While my daughter and I put together quite a batch for her pre-school class for Valentine’s Day – all manner, colors and sizes of hearts, plus X and O letters, and Hello Kitty faces – I thoroughly enjoyed making an Easter Basket with the cookies on sticks. The colors are soft, the shapes are charming and the chicks on sticks always crack me up. I'm not sure why! Our menagerie in Easter grass thrilled one and all at her school.

Working alone, I can usually do this relatively neatly with near picture perfect results. Working together, my daughter and I made a huge mess, used seemingly every shallow bowl and saucer in the kitchen, scattered non-pariels and sent dragées plinking and rolling into kitchen crevices that I never knew existed and ended up with dried royal icing spackling utensils, pastry tips and twist-ties to the countertop.
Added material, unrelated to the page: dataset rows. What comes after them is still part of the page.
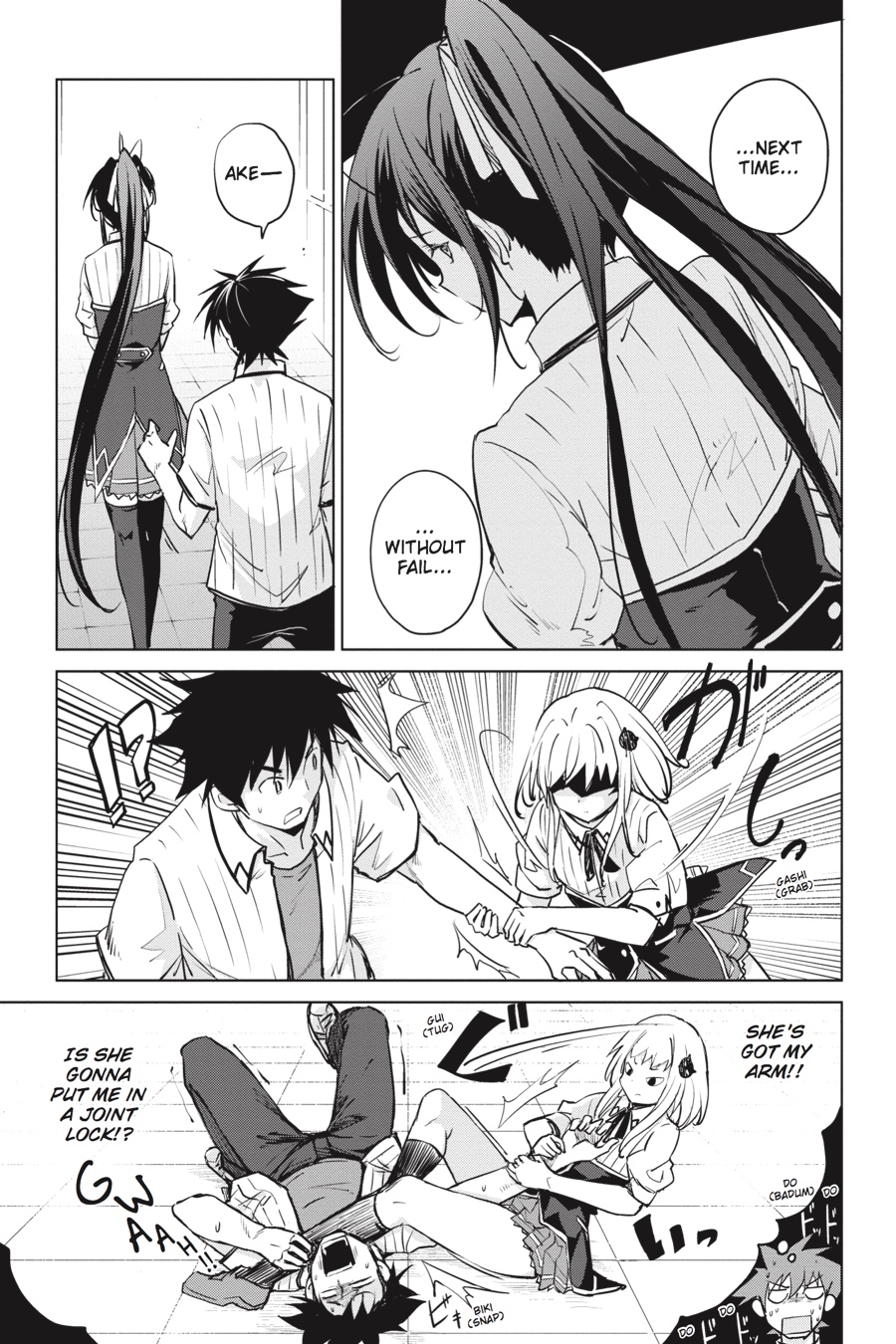 Read High School DxD Manga Online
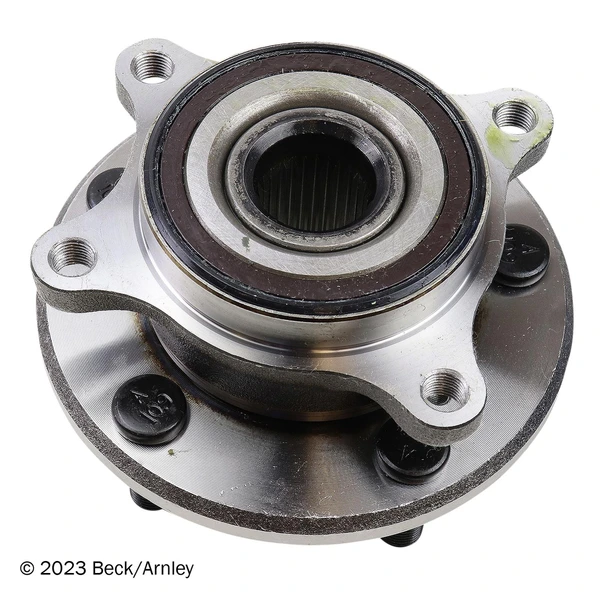 Beck/Arnley 051-6388 Wheel Bearing and Hub Assembly, Front Side
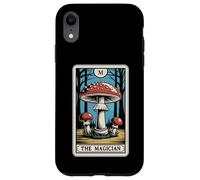 Fly Agaric Amanita Muscaria Carte de Tarot Le Magicien Champignon Coque pour iPhone XR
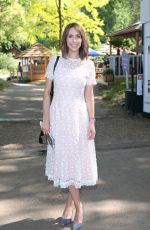 ALEX JONES at Chelsea Flower Show in London 05/21/2018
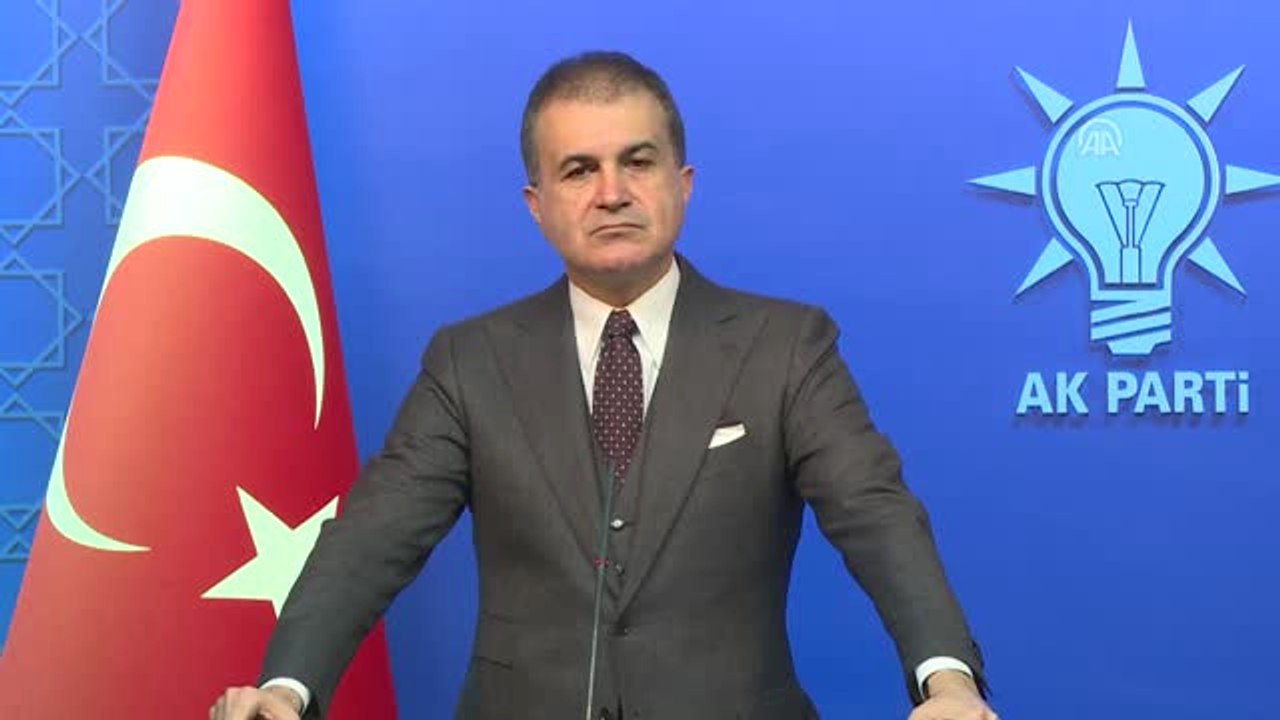 Çelik: "İsrail Adalet Bakanının Boyu, Cumhurbaşkanımızı Eleştirmeye Yetmez"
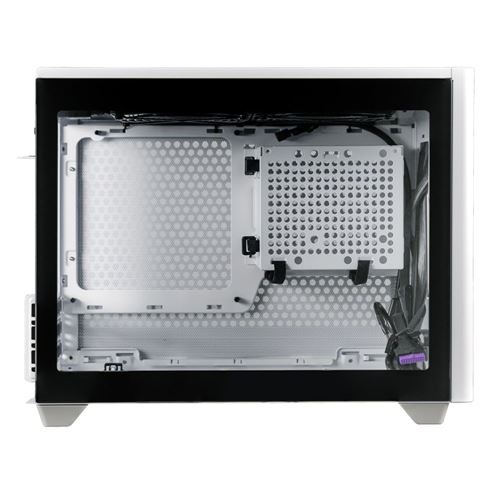 Cooler Master NR200P Small Form Factor Mini-ITX Case - White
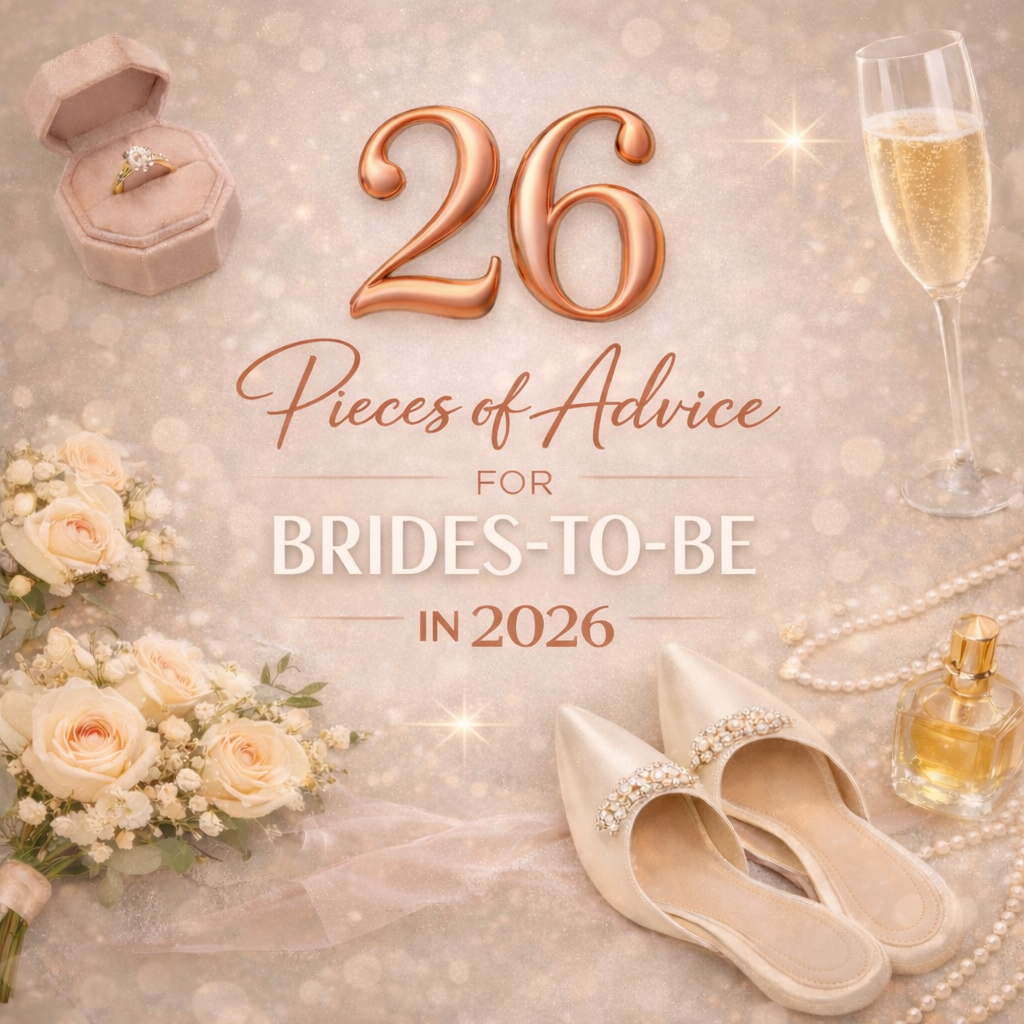 26 Pieces of Advice for Brides to Be in 2026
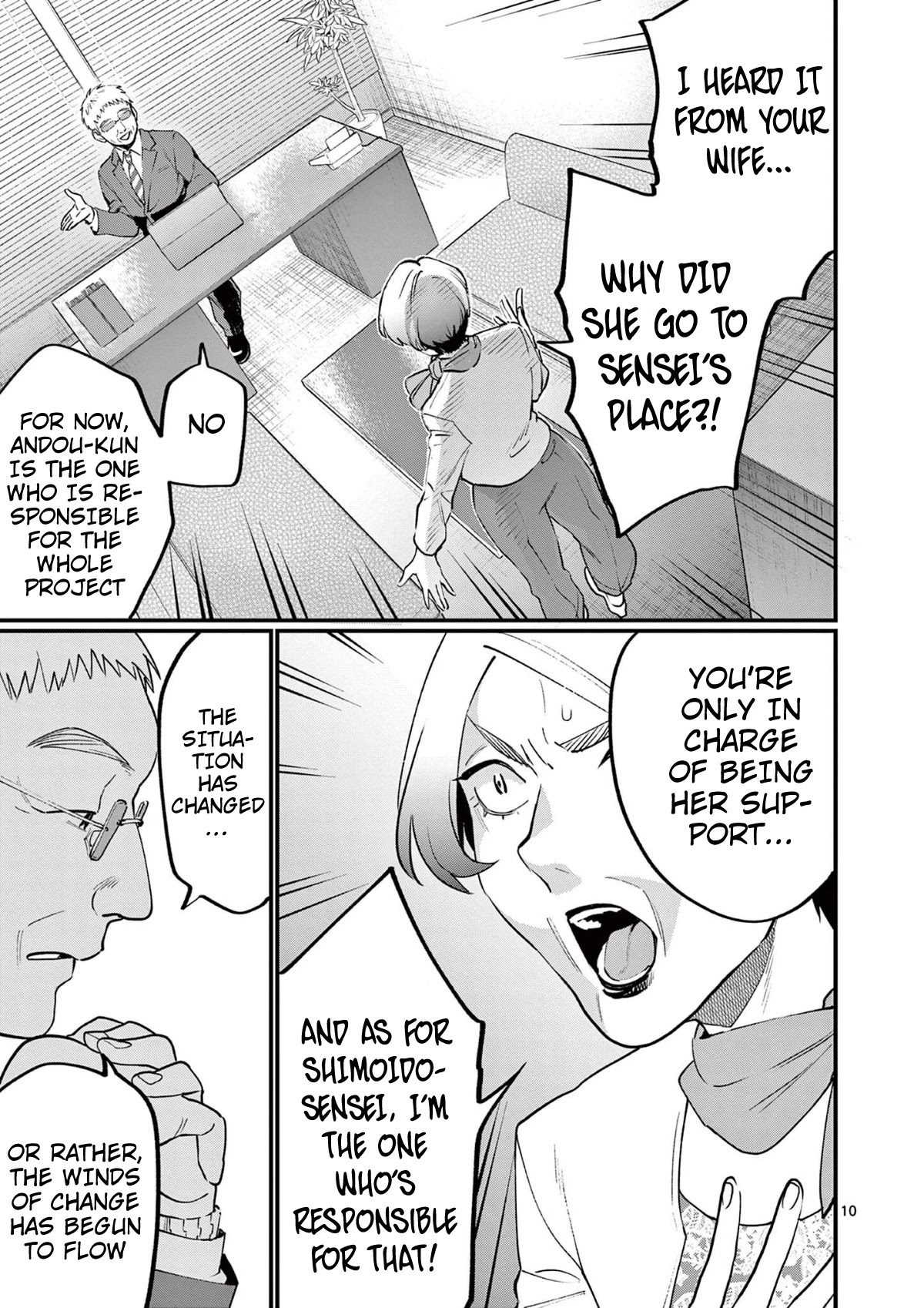 Media Mix Maiden Chapter 6 page 11 - Chapter 6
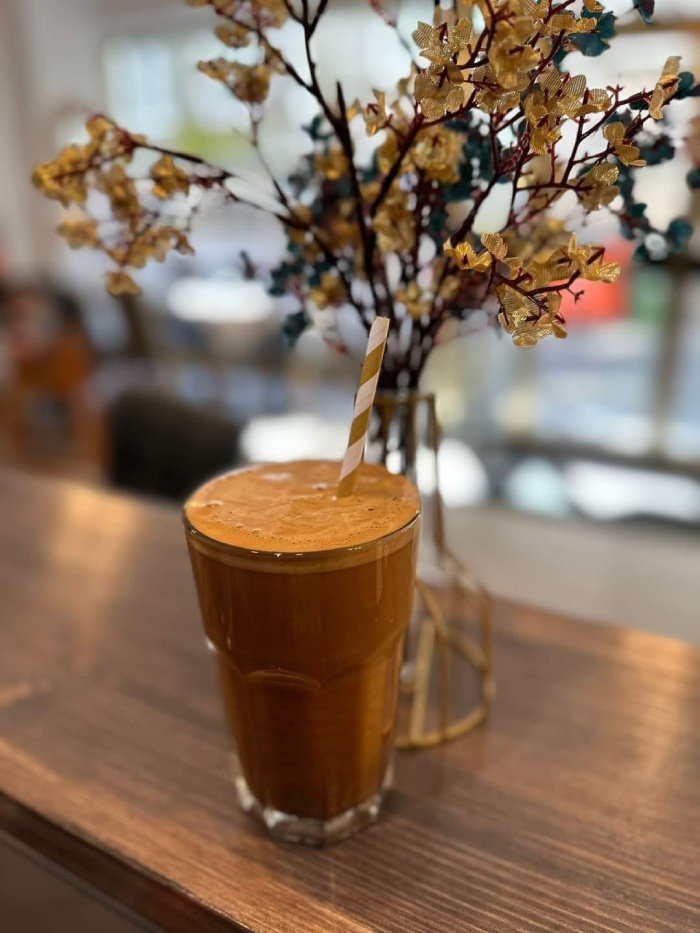 Attica Greek Taverna Dunfermline coffe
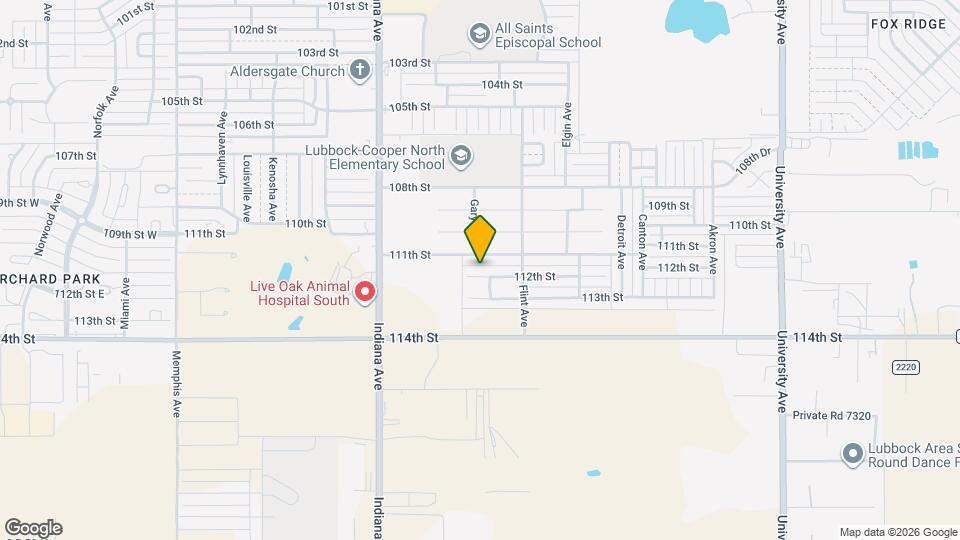 3206 112th St Mapa y Detalles de la Ubicación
In other words, we had a ball.


Cookies:

1C Unsalted butter
1C Sugar
1 Lge egg
1 tsp vanilla
2 tsp Baking Powder
½ tsp salt
3 C Flour

Blend ingredients from top to bottom as you would for cookies. Separate and flatten into two disks and chill. Roll and cut. Bake @ 350 for 8-12 minutes, depending on your cookie cutter size.

These are not my favorite cookies for taste, but the dough really holds the cookie shapes while baking – very little spreading or puffing if at all. You may also make chocolate cookies with the same good baking results by swapping ½ cup cocoa powder for ½ cup of the flour. I tend to make at least half the batch chocolate at Halloween for black cats and bats. Also, if you do them on sticks, soak the skewers in water for at least 20 minutes to prevent scorching. Insert carefully and bake as directed.


Icing:

3 Tbs meringue powder
4 C Confectioners sugar
[up to] 6 T H2O

Blend 6-8 minutes using a standing mixer; longer with a hand held.

Divide the white icing according to the number of colors you’ll be using. Spoon icing into piping bags fitted with your needed tips for outlining, leaves, stripes, flowers, etc.

**While working, cover the bowl with a damp paper towel.

For outlined cookies, use “pipe and fill.” Using a #2 tip, pipe a color around the edge(s) of your cookies. Fill in with thinned icing of a different color.

You can use the “thin and dip” technique by spooning the needed amount of icing into a shallow dish or saucer, then stirring in a few drops of water to reach the desired consistency. It takes some practice – the icing can’t be too thin. There’s a fine line.

Alternatively, add a scant few drops for what I call “dip and spread.” Using thicker icing, dip the cookies face down then spread the icing to the edges using an offset spatula or even a butter knife.